Miami-Dade commission backs entertainment village on land mayor wants for electric buses
A business group wanting to purchase almost 50 acres of government land near Homestead for an open-air entertainment village won a vote before the Miami-Dade County Commission on Wednesday, despite objections from Mayor Daniella Levine Cava that the property is needed as a repair depot for the county’s new electric-bus line.
“This is the largest remaining parcel of county land,” Levine Cava told commissioners. “We need to make sure we’re getting maximum benefit from it.”
Commissioner Kionne McGhee sponsored the item requiring county negotiations for the no-bid purchase, which would need another board vote for approval. The item gives Levine Cava 180 days to present a proposed agreement to the board.

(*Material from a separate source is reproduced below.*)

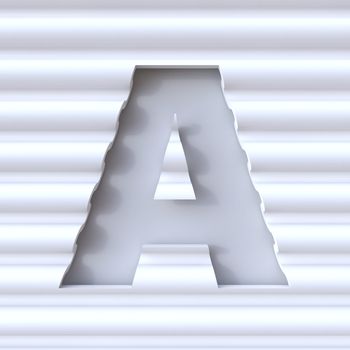 Cut out font in wave surface LETTER A 3D rendering illustration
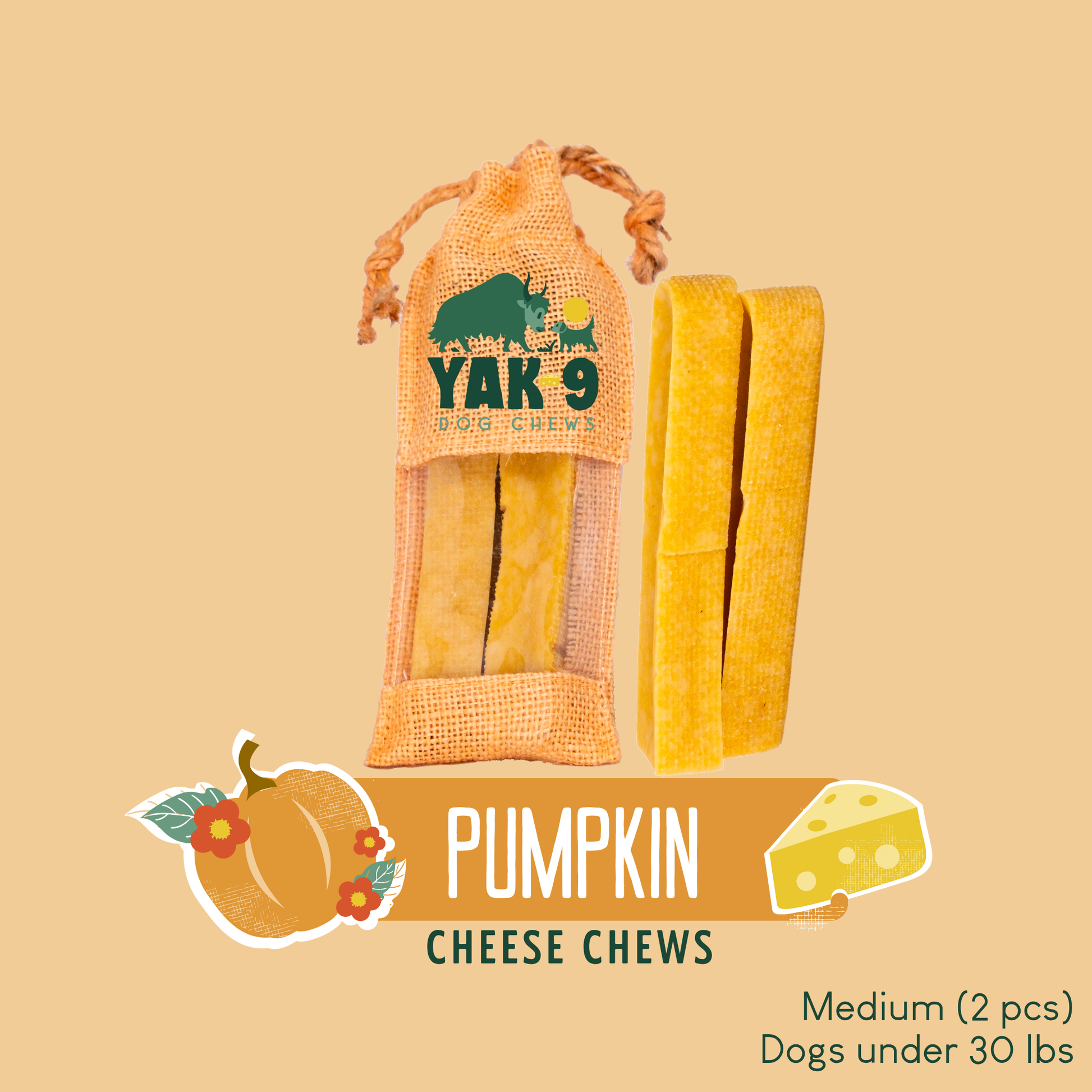 Pumpkin Cheese Chews for Dogs Medium (2.3oz) PUMPKIN YAK CHEWS Yak9 Chews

Homestead Town Center LLC, a corporate entity out of St. Petersburg formed in October, proposed a cluster of restaurants, bars and offices built with cargo containers, as well as soccer fields and performance spaces to bring a new entertainment option for South Miami-Dade on land outside the Homestead Air Reserve Base.

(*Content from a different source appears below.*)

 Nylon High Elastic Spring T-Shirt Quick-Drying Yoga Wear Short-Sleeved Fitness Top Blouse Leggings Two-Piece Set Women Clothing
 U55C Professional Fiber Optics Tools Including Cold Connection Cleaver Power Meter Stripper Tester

The county’s transit arm wants the land off Southwest 280th Street and Southwest 127th Avenue for a maintenance yard to service a fleet of electric buses Miami-Dade is purchasing for its new rapid-transit bus line on the South Miami-Dade busway. McGhee opposes putting the yard there, in part because of noise pollution for residential neighborhoods nearby.
The resolution approved Wednesday allows the county to charge electric buses on the Homestead land, but doesn’t accommodate the maintenance yard the administration wants. McGhee called the proposed entertainment village the kind of destination needed to attract fans from Homestead’s NASCAR track and give residents an exciting place to be close to home.

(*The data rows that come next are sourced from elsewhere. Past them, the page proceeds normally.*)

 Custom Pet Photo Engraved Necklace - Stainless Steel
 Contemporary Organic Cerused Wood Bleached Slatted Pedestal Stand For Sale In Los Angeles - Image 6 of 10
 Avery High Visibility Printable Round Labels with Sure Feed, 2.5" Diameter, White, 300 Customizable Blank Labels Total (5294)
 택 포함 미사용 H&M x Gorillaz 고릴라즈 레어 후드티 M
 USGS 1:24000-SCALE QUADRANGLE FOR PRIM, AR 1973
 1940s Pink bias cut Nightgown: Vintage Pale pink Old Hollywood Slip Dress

“This can be a huge game-changer,” he said.
The Levine Cava administration, in a memo released Tuesday, said the development team seems to lack the construction and leasing experience required to transform the vacant land into a sprawling entertainment venue.
Partners in the venture who attended Wednesday’s meeting, investment executive Yrene Tamayo, marketing executive Jossua Parini and lawyer Ahmand Johnson, declined to answer questions after the vote. “We don’t have any comment,” Johnson said when asked about the need for a 47-acre parcel. “The proceedings speak for themselves. And we look forward to negotiations.”
Commissioners René Garcia and Eileen Higgins voted against the resolution, which assigns McGhee the role of commission representative in the negotiations between Homestead Town Center and the administration. Higgins, chair of the board’s Transportation committee, called the plan a setback for the new rapid-transit line, especially since Miami-Dade already paid $450,000 on an environmental study of the site required by federal regulators.
“We were just ready to submit it for approval,” Higgins said. “Starting over delays this process for a year.”
Eulois Cleckley, the county’s transit director, said a later opening of the maintenance facility won’t delay the start of electric-bus service on the new transit line of express stations, scheduled to be finished next year. But moving to another site would make it costlier to operate, he said.
McGhee, elected in 2020, opposed the 2018 county vote approving the bus line. A state representative from South Miami-Dade at the time, he urged commissioners to pursue the Metrorail extension that was sold to voters during a 2002 referendum on a new transportation sales tax.
While prior McGhee legislation sought to pause the bus project, he said the entertainment-park plan shouldn’t be seen as an impediment to the new transit line now that construction is underway.
“That battle has been waged,” he said, “and that battle has been lost.”